The attention bar at the top of the workspace surfaces what needs you now — applicants to review, drafts awaiting approval, and pending payouts — so you don't have to hunt across tabs.

Approve drafts

The Content tab is your pre-publication review queue. Drafts creators submit appear newest first, each with its caption, attached media, and a required-elements checklist that automatically checks the caption against your campaign's compliance rules — disclosure (for example #ad), the brand mention, and the campaign hashtag. Missing blocking elements are flagged in red so you don't approve content that breaks disclosure rules.

For each draft, Approve it or Request changes with a note. The creator is notified instantly; once an approved draft is published, a → Live link connects it to the matching row in the Posts tab.

Content tab draft queue with required-elements checklist and approve/request-changes actions

Request changes feedback box on a draft

Approval mode is optional

When auto-discovery is on, creators don't have to submit drafts — posts that use the campaign hashtag are discovered and attached automatically. Switch to approval mode on the Brief tab if you want pre-publication sign-off.

Run a UGC-only campaign

Some campaigns hire UGC talent — independent video and photo creators who deliver content on a fixed-rate gig basis, with no audience required — instead of influencers. On a UGC-only campaign, the Talent tab replaces the standard creator roster with an applicant review view.

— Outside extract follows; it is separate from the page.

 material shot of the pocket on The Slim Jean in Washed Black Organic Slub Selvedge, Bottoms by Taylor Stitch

Each applicant card shows the talent's sample, their proposed rate and turnaround, and a short pitch. For each one you can Accept, Decline, or Counter with a different rate. A counter is sent to the talent's Jobs feed, where they can accept it or counter back.

UGC applicants tab with sample, proposed rate, turnaround and accept/counter/decline actions

Counter-offer dialog proposing a new rate to a UGC applicant

To add more talent, use Invite more UGC talent to browse the UGC directory. Filter by language, skill, or turnaround, and open any talent's profile to review their portfolio samples and rate card before inviting them to the campaign.

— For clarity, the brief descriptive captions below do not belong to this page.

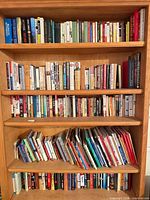 Five wooden shelves filled with assorted hardcover and paperback books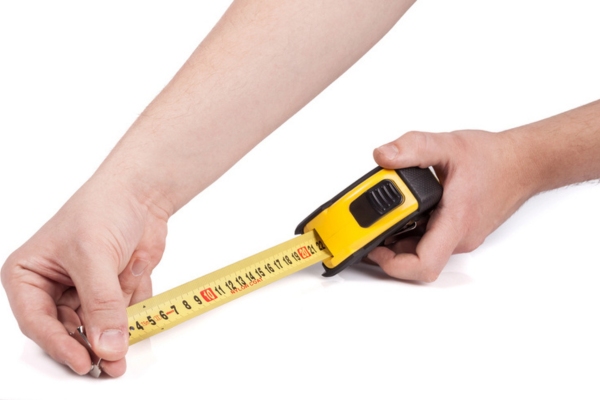 man holding a tape measure depicting furnace size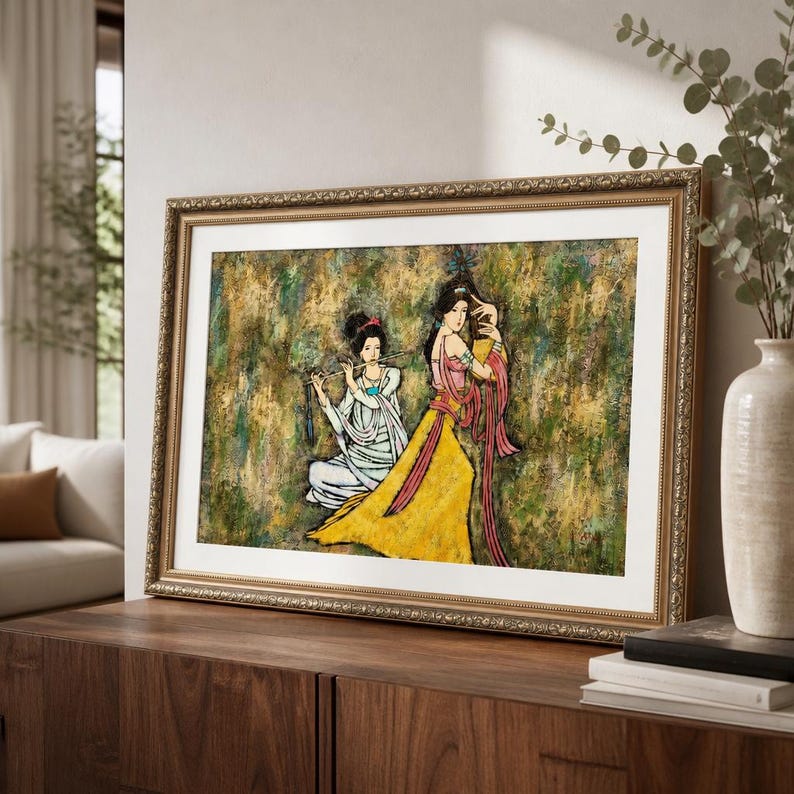 May include: A framed artwork featuring two figures in traditional attire. One figure is seated and playing a flute, while the other stands, holding a fan. The artwork has a textured background with gold and green tones, and the frame is gold.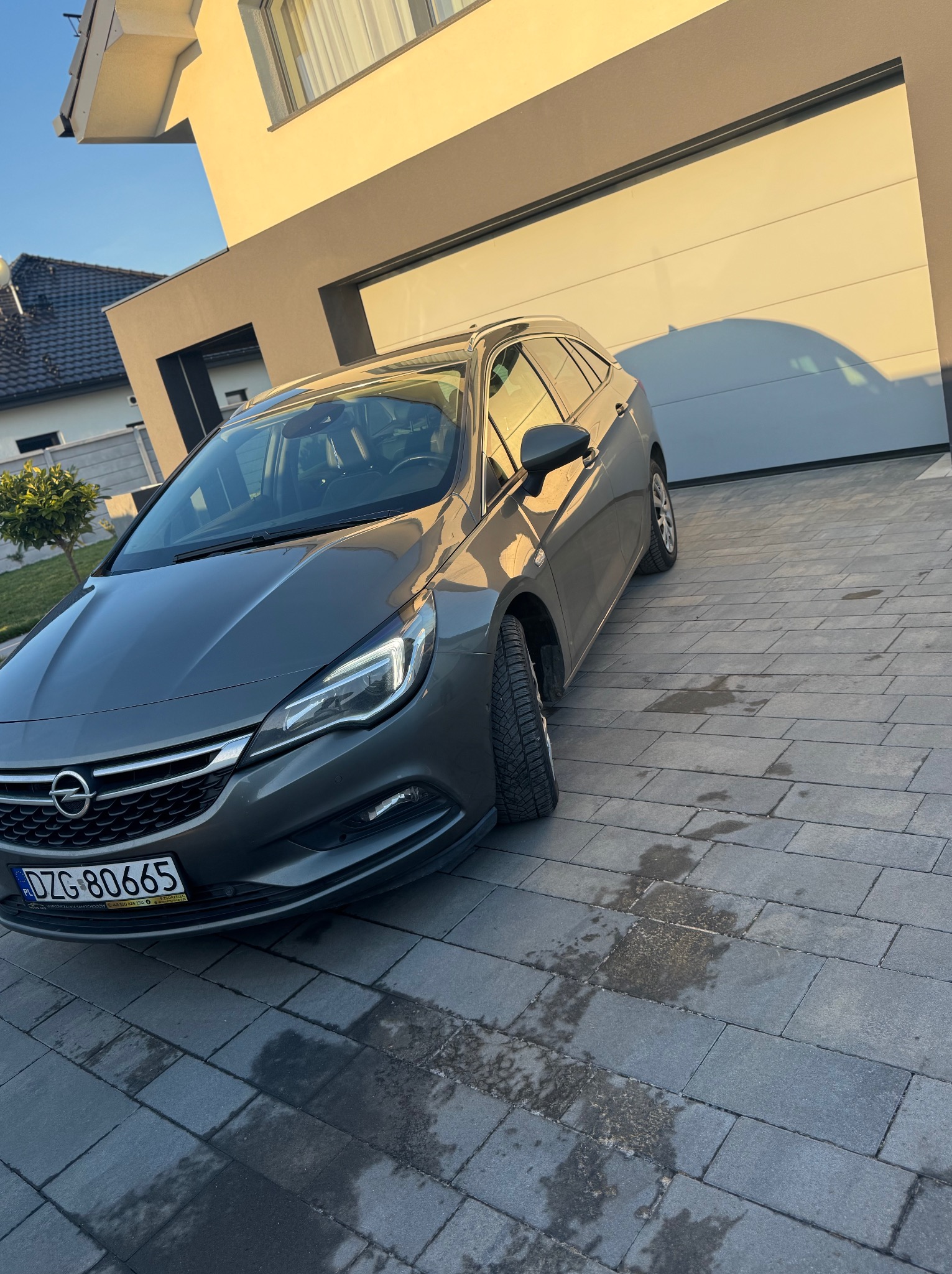 Szary samochód kombi marki Opel Astra zaparkowany na posesji przed nowoczesnym domem z garażem, widoczne ślady wilgoci na kostce brukowej.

UGC talent directory with talent cards

UGC talent profile with portfolio samples and rate card

Track attribution and pay out

The Attribution tab shows campaign performance: a ROAS headline, a scorecard, confidence-tier breakdowns, and charts. You can enter manual sales, and for offline (Phygital) campaigns you can mint and view QR/promo codes. When the work is done, move the campaign to payouts in flight and settle creators. The mechanics of how creators actually receive money are covered in the payouts guide.

Attribution tab with ROAS headline and scorecard

Tips

  • You don't need to complete the brief before adding creators — the workspace saves every field as you edit, so you can move between tabs freely.
  • Seed the Inspiration & competitors card well: good positive/negative seeds and competitor brands sharpen the cluster Cyrqle returns in Discover.
  • Use the Reserved (backup) state for creators you want to keep warm without committing, so you can swap them in if someone drops out.
  • Fund the campaign wallet before you reach the payout stage to avoid blocking releases.
  • Watch the attention bar — it's the fastest way to see applicants, drafts, and payouts that need action.
  • To run a similar campaign again, use a Quick start repeat card on the Campaigns list instead of starting from scratch.